Use data contracts to automate data workflows - part 1

Preface 📚

I’ve actually written a post on data contracts before, so have a quick scan here if you want to see a project I created on them using Python, AWS S3 and other libraries (like Selenium and Soda).

What is a contract? 🤔

Let’s first talk about what a contract is, and what problems it solves.

A contract is an agreement between at least two parties about what they’re going to do for each other.

In a workplace, this could be a written agreement between you and your employers on

  • what your role is,

  • how much you’ll be paid for it, and

  • what responsibilities you and your employer have

Contracts exist so to set clear expectations from the very beginning. Both parties can discuss and agree on what’s expected before any agreement gets signed. Then once signed, this agreement becomes the single (and legal) source of truth the relationship depends on.

If there’s ever a misunderstanding or dispute, both sides can go back to the contract to figure out

  • who’s responsible for what

  • how to handle these issues

  • what the agreed outcome should be

If done right, a contract can be a tool for creating a fair relationship between parties built on trust.

So…what is a data contract? 📝

A data contract is like any other contract, but instead of people and jobs only, its about data.

It’s an agreement between

  • the people who create the data (producers)

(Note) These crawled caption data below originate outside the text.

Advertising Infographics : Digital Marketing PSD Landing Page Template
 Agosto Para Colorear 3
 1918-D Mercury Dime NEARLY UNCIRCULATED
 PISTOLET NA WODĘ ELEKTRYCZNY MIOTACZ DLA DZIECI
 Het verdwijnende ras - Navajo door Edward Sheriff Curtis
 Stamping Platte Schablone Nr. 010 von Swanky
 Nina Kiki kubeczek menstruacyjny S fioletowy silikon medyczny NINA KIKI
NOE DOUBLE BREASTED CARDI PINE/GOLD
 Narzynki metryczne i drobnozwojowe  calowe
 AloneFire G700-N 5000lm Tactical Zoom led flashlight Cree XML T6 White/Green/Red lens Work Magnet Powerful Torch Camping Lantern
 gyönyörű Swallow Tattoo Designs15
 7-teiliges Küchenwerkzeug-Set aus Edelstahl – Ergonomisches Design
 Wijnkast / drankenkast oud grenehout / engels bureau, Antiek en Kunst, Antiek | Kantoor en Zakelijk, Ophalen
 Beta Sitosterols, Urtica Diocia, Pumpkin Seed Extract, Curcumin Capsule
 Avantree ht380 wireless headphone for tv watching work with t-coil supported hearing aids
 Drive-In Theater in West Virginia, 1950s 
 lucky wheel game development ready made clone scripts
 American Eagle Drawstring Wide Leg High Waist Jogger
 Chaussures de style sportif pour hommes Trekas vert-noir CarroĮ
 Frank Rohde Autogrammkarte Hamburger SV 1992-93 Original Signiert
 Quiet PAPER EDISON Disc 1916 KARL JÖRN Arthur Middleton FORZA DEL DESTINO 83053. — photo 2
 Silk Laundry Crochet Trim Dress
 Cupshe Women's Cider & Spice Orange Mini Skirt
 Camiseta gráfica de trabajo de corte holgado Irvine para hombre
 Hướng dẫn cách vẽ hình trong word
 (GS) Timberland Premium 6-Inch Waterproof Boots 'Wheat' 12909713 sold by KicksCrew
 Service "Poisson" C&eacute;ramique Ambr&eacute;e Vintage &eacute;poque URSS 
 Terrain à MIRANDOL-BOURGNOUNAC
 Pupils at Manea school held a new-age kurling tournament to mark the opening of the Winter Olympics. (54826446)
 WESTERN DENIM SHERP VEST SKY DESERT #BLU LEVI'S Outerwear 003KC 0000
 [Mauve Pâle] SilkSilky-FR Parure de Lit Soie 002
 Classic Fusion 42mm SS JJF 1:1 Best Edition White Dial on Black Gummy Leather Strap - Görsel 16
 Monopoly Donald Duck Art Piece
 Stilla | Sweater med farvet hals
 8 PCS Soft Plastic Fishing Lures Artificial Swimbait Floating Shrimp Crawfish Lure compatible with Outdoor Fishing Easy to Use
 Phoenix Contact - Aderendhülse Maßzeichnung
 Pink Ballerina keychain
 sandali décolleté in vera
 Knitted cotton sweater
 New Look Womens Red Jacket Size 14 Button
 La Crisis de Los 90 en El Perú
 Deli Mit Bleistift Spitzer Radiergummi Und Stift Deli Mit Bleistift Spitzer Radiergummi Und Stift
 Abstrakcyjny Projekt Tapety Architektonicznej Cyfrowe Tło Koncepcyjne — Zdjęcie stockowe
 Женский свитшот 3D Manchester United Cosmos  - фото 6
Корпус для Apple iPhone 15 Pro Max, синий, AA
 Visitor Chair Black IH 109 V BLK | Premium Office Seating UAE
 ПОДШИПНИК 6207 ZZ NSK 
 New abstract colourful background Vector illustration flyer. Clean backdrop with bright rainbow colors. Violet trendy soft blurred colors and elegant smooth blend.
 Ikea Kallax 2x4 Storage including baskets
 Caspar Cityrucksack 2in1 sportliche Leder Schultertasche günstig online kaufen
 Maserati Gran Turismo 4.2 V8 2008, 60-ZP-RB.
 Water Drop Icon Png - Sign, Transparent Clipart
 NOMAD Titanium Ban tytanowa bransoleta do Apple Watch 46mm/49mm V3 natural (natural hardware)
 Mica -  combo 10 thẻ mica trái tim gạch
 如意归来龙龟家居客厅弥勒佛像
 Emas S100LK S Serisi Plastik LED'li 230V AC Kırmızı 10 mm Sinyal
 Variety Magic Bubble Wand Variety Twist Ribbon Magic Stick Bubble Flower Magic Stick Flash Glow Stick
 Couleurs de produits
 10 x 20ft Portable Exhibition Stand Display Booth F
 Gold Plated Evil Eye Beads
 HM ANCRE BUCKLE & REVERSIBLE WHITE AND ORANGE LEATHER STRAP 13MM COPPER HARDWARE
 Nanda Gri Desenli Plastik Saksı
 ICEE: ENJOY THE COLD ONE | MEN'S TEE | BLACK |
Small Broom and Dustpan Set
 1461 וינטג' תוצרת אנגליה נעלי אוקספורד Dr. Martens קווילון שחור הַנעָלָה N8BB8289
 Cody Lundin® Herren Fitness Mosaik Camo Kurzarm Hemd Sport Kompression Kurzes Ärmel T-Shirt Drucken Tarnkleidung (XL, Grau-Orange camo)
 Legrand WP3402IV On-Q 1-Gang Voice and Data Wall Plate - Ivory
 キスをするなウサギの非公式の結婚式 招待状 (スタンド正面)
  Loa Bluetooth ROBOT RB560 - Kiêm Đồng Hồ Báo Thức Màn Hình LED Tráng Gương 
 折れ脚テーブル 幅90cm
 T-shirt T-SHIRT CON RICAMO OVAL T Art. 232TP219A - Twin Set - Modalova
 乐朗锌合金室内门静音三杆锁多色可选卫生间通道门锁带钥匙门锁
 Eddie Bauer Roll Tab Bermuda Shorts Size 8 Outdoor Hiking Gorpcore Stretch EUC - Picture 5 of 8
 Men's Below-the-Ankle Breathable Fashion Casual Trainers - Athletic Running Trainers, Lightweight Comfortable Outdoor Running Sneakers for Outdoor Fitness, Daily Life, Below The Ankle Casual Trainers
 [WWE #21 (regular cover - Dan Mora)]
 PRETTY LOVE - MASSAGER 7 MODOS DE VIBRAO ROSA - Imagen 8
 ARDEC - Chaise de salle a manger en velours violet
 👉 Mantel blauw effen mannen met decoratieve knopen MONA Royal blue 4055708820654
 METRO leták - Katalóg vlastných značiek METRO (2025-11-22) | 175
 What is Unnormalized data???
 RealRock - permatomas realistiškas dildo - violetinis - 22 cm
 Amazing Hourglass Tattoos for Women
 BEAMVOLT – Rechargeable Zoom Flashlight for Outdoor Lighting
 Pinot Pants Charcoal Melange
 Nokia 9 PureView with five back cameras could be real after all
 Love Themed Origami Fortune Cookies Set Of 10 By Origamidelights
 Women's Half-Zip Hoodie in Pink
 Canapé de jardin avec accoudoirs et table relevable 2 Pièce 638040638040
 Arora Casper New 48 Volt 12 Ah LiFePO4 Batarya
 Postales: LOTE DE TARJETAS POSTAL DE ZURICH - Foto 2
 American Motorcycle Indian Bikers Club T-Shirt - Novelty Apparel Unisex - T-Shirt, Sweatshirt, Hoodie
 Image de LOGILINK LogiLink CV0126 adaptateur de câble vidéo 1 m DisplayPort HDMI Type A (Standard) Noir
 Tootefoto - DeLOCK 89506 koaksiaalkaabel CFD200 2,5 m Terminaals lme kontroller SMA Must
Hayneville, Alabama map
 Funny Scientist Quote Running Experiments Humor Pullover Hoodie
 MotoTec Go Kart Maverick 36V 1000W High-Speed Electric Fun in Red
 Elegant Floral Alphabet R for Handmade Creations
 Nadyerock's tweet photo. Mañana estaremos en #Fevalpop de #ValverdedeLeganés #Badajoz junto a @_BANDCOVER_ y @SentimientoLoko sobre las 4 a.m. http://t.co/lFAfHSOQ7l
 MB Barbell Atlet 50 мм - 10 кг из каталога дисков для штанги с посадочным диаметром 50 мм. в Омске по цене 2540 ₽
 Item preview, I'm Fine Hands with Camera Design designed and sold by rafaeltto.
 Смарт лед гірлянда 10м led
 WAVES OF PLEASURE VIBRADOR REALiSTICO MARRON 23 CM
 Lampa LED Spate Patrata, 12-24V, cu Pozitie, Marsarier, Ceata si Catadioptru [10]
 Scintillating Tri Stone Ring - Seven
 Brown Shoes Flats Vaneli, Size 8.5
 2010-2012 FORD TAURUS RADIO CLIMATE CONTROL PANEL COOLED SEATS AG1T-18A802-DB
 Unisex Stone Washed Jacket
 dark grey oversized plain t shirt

  • the people who use the data (consumers)

It explains

  • how the data should look

  • how the data should be delivered

  • who to talk to if something goes wrong

Problems before data contracts⚠️

Now let’s talk about what problems existed before data contracts

1. Miscommunication between producers and consumers

  • A producer might rename a column or change the data format without telling anyone

  • The consumer would still assume the data is still in its original format, which results to breaking workflows that depend on this particular format or naming structure

Example:

A producer changes a date columns format from YYYY-MM-DD to DD-MM-YYYY in the SQL Server table, but the consumer’s pipeline only works with the original format. This could break a Power BI dashboard designed to work with the original format, and lead to losing hours to troubleshooting.

2. No single source of truth

When something went wrong with the data, it wasn’t clear

  • who to contact,

  • whether the issue was with the data or how it was used/interpreted

  • how to fix it quickly

3. Mismatched expectations

Teams often had different assumptions about the data, which led to

  • inaccurate reports

  • broken dashboards

  • time wasted fixing problems instead of creating value

Example:

A producer may assume it’s fine to leave null values in a critical field. However the consumer’s system isn’t designed to handle nulls, so it fails.

This could result in:

  • firefighting - fixing problems reactively instead of proactively
  • lost productivity - spending time cleaning the data instead of using it
  • reputational damage - teams losing trust in the data and the systems that build it

How a data contract solves these problems✅

A data contract sets clear expectations between the producers and consumers.

For data producers…

They know exactly

  • what the data should contain

  • the format and structure they need to follow

  • how often the data needs to be updated

For example,

The data must include these columns:

  • transaction_id (string)

  • created_date (date, YYYY-MM-DD format)

  • product_name (string)

  • amount (decimal, 2 decimal places)

For data consumers…

They know

  • what data to expect

  • where to find it

  • when + how it will be delivered

  • who to contact if there’s a problem

Example: The data must be delivered as a CSV file every Monday at 8am containing transactions from the previous week.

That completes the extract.